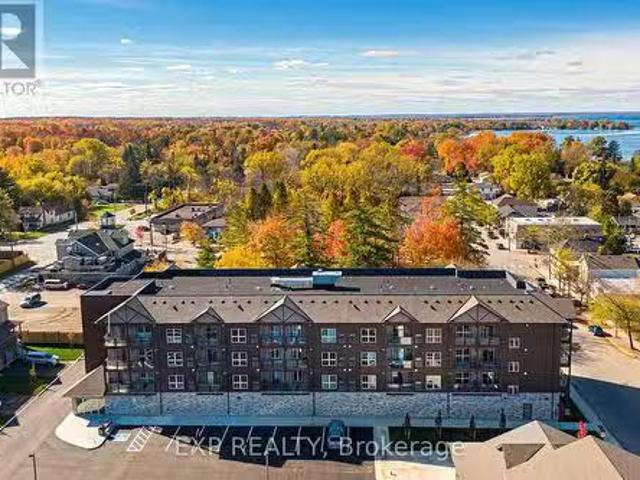 Cozy 2 BR 407 110 Grew Boulevard, Georgina, ON, L0E 1L0 le.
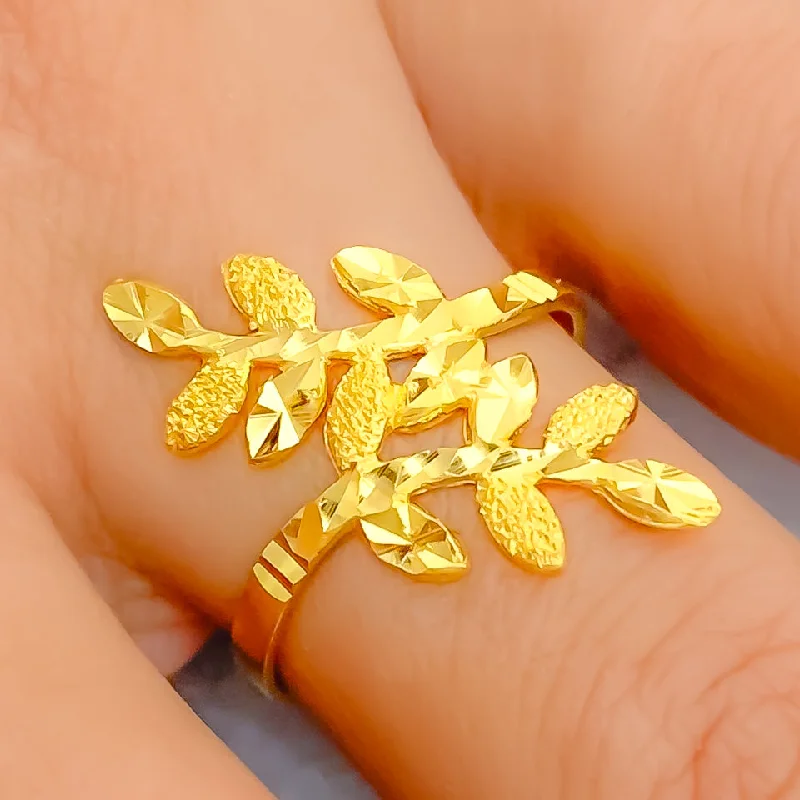 Women’s luxury engagement rings-Distinct Leaf 22k Gold Ring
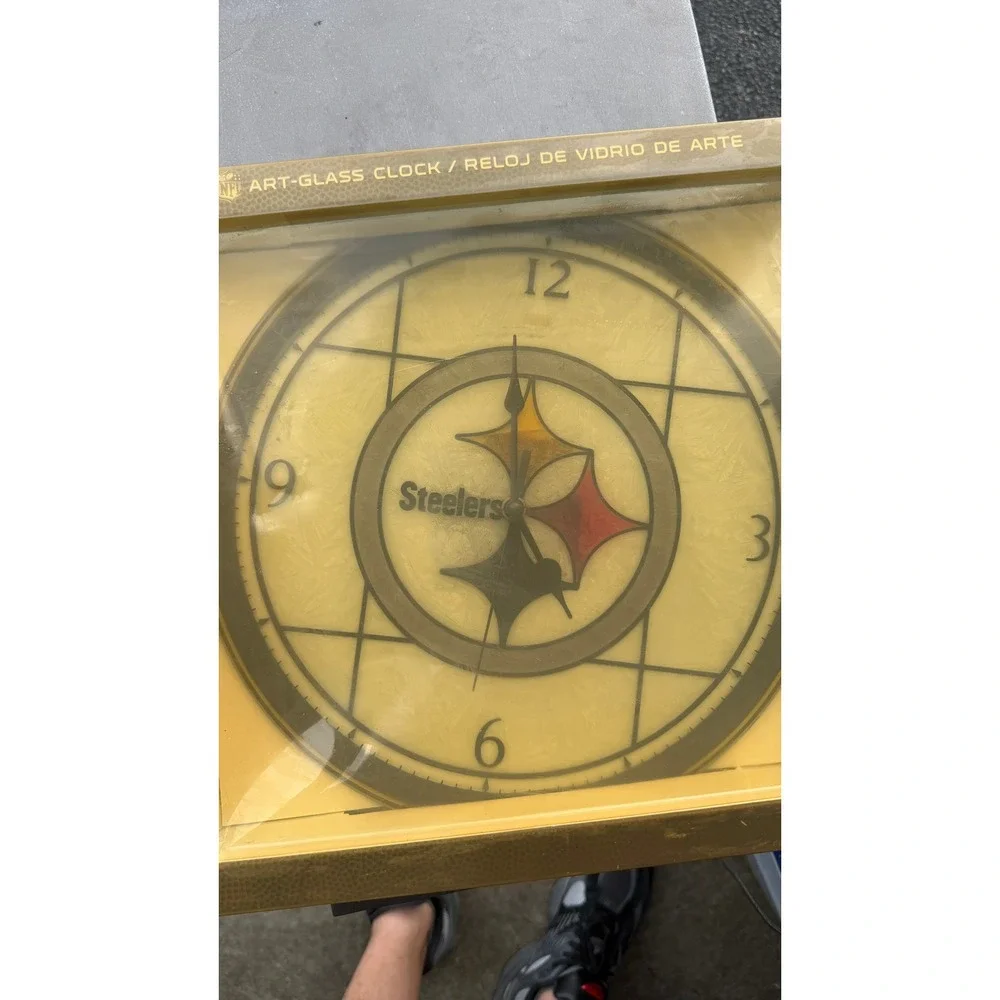 Pittsburgh Steelers Art-Glass Wall Clock NFL-PST-274 The Memory Company New Box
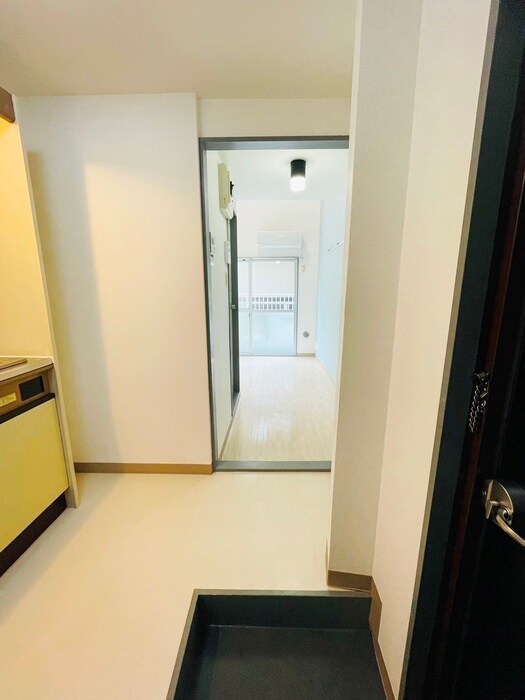 物件内観写真17　(玄関)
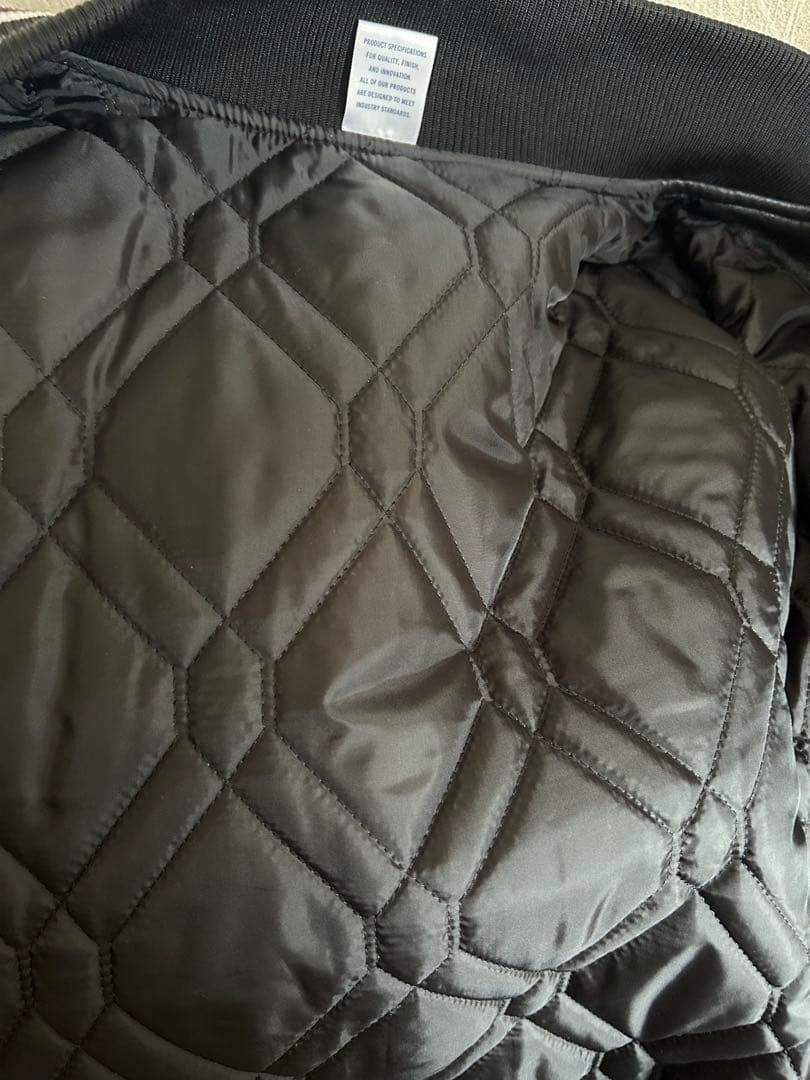 MLB ニューヨークヤンキース　スタジャン ブラック　マジェスティック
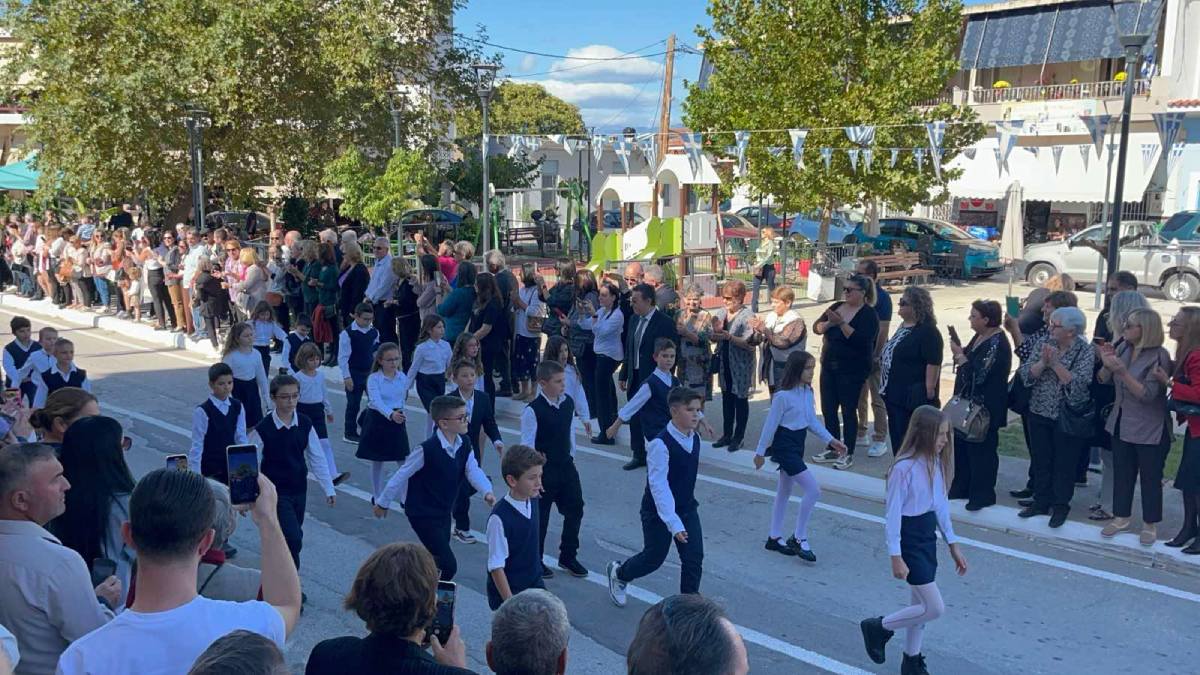 Αγία Τριάδα: Με μαθητική παρέλαση τίμησαν τους ήρωες του 1940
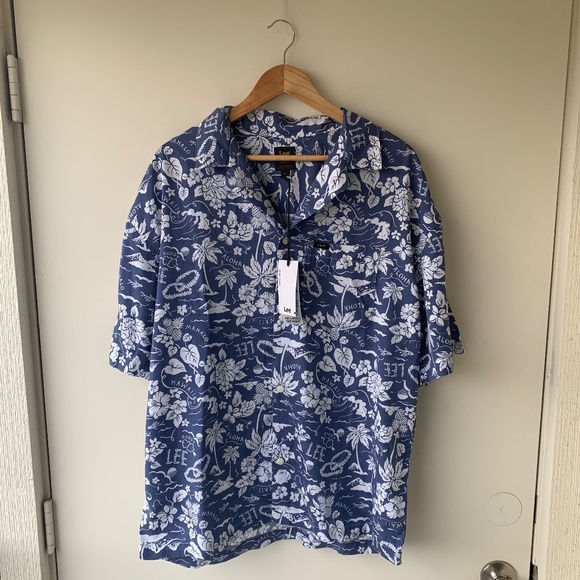 (NWT) Lee Camp Shirt (Surf Blue, size M) - Picture 1 of 7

* Problem to solve *
Write out the entries above in full and exactly; no pictures.

* Result of the task *
 Cozy 2 BR 407 110 Grew Boulevard, Georgina, ON, L0E 1L0 le.
 Women’s luxury engagement rings-Distinct Leaf 22k Gold Ring
 Pittsburgh Steelers Art-Glass Wall Clock NFL-PST-274 The Memory Company New Box
 物件内観写真17　(玄関)
 MLB ニューヨークヤンキース　スタジャン ブラック　マジェスティック
 Αγία Τριάδα: Με μαθητική παρέλαση τίμησαν τους ήρωες του 1940
 (NWT) Lee Camp Shirt (Surf Blue, size M) - Picture 1 of 7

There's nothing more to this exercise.